• Work to complete
From the entries below, please output exactly the lines starting at the one containing "thumbnail image 6" and ending at the one containing "трюки meme~gacha club~DanganronpaV3~ориг~", both included.

• Material for this exercise
┌──

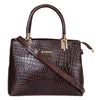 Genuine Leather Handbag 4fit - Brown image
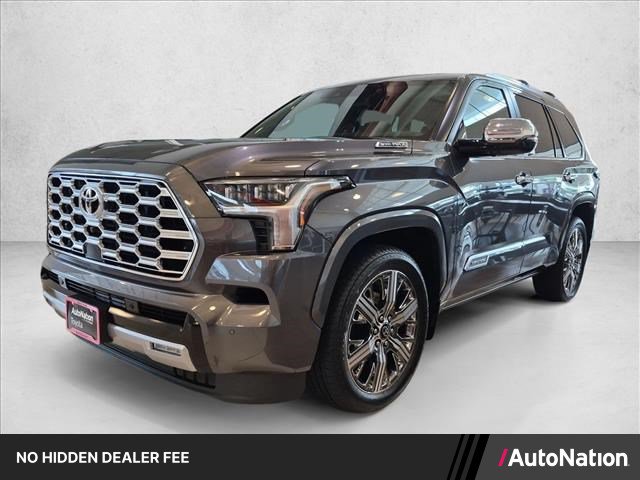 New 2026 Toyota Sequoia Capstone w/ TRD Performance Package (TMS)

└──
┌──

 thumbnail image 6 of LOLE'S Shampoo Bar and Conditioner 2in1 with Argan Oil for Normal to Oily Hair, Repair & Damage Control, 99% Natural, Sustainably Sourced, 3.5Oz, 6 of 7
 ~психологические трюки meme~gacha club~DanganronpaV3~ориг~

└──

• Task answer
 thumbnail image 6 of LOLE'S Shampoo Bar and Conditioner 2in1 with Argan Oil for Normal to Oily Hair, Repair & Damage Control, 99% Natural, Sustainably Sourced, 3.5Oz, 6 of 7
 ~психологические трюки meme~gacha club~DanganronpaV3~ориг~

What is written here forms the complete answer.